VOYA CLO 2016-3: S&P Assigns Prelim BB- Rating on Class D-R Notes
-----------------------------------------------------------------
S&P Global Ratings assigned its preliminary ratings to the class
A-1-R, B-R, C-R, and D-R replacement notes, as well as the new
class X-R and A-3-R notes from Voya CLO 2016-3 Ltd., a
collateralized loan obligation (CLO) originally issued in September
2016 that is managed by Voya Alternative Asset Management LLC. The
replacement notes will be issued via a proposed supplemental
indenture.

The preliminary ratings reflect S&P's opinion that the credit
support available is commensurate with the associated rating
levels.

The preliminary ratings are based on information as of Oct. 25,
2018. Subsequent information may result in the assignment of final
ratings that differ from the preliminary ratings.

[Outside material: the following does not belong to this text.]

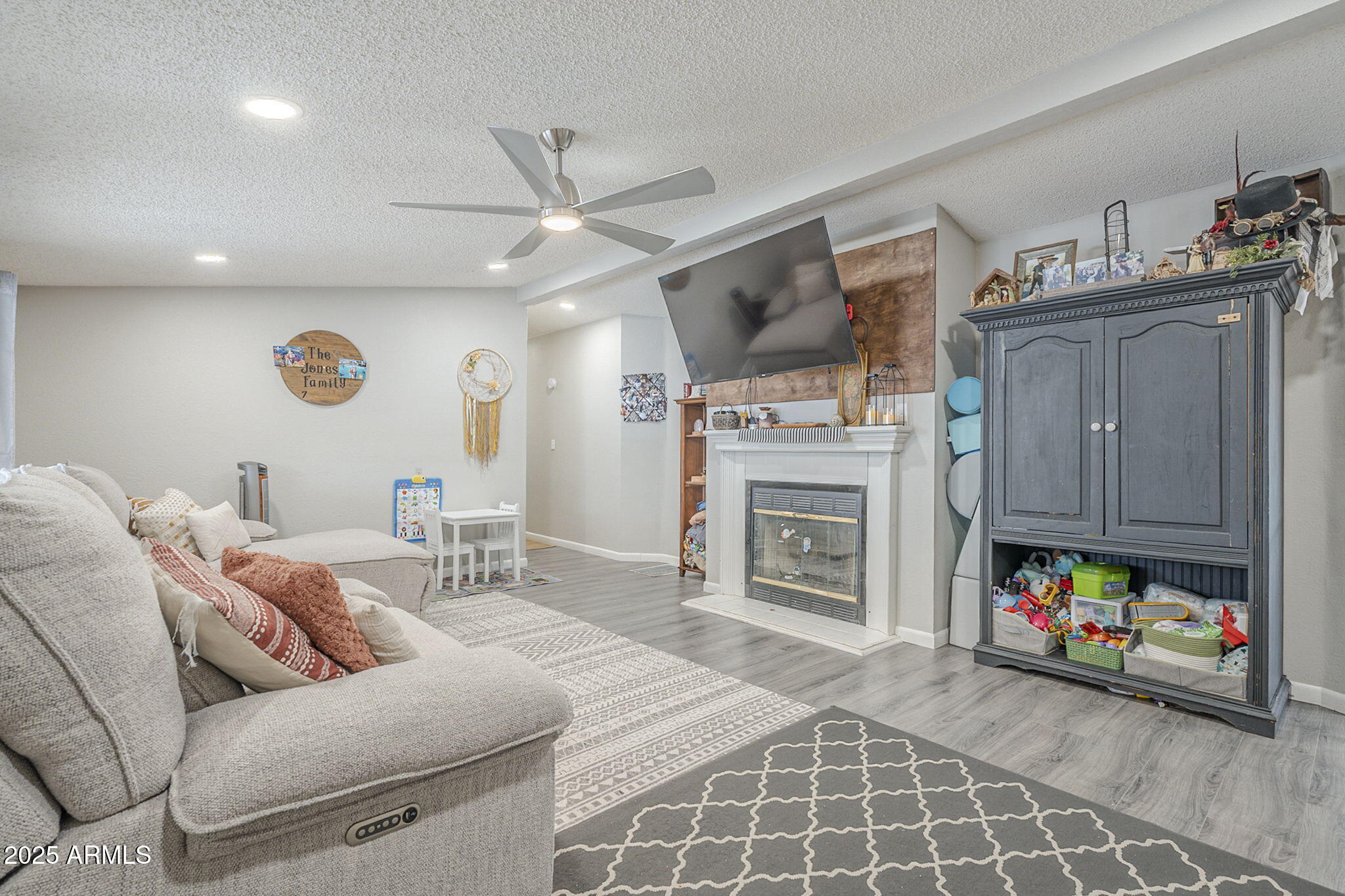 156 North Hawes Road, Unit 68 Mesa, AZ 85207 - Photo 6 of 36 13-web-or-mls-Hawes-13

On the Oct. 29, 2018, refinancing date, the proceeds from the
issuance of the replacement notes are expected to redeem the
original notes. S&P said, "At that time, we anticipate withdrawing
the ratings on the original notes and assigning ratings to the
replacement notes. However, if the refinancing doesn't occur, we
may affirm the ratings on the original notes and withdraw our
preliminary ratings on the replacement notes."

The replacement notes are being issued via a proposed supplemental
indenture, which, in addition to outlining the terms of the
replacement notes, will also:

-- Issue the replacement notes at a lower spread than the original
notes.
-- Issue new class X-R and A-3-R notes.
-- Extend the reinvestment period by two years and the stated
maturity four years.
-- Allow the transaction to hold a limited amount of long dated
securities.

S&P said, "Our review of this transaction included a cash flow
analysis, based on the portfolio and transaction as reflected in
the trustee report, to estimate future performance. In line with
our criteria, our cash flow scenarios applied forward-looking
assumptions on the expected timing and pattern of defaults, and
recoveries upon default, under various interest rate and
macroeconomic scenarios. In addition, our analysis considered the
transaction's ability to pay timely interest or ultimate principal,
or both, to each of the rated tranches.

"We will continue to review whether, in our view, the ratings
assigned to the notes remain consistent with the credit enhancement
available to support them, and we will take further rating actions
as we deem necessary."

  PRELIMINARY RATINGS ASSIGNED

  Voya CLO 2016-3 Ltd./Voya CLO 2016-3 LLC

  Class                Rating      Amount (mil. $)
  X-R                  AAA (sf)               3.00
  A-1-R                AAA (sf)             360.00
  A-2-R                NR                    30.00
  A-3-R                AA (sf)               66.00
  B-R                  A (sf)                36.00
  C-R                  BBB- (sf)             36.00
  D-R                  BB- (sf)              24.00
  Subordinated notes   NR                    56.00

  NR--Not rated.


VOYA CLO 2018-3: S&P Assigns BB-(sf) Rating on $24MM Class E Notes
------------------------------------------------------------------
S&P Global Ratings assigned its ratings to Voya CLO 2018-3 Ltd.'s
fixed- and floating-rate notes.

The note issuance is a $607.70 million broadly syndicated
collateralized loan obligation (CLO) managed by Voya Alternative
Asset Management LLC, an affiliate of Voya Investment Management.

The ratings reflect:

-- The diversified collateral pool, which consists primarily of
broadly syndicated speculative-grade senior secured term loans that
are governed by collateral quality tests.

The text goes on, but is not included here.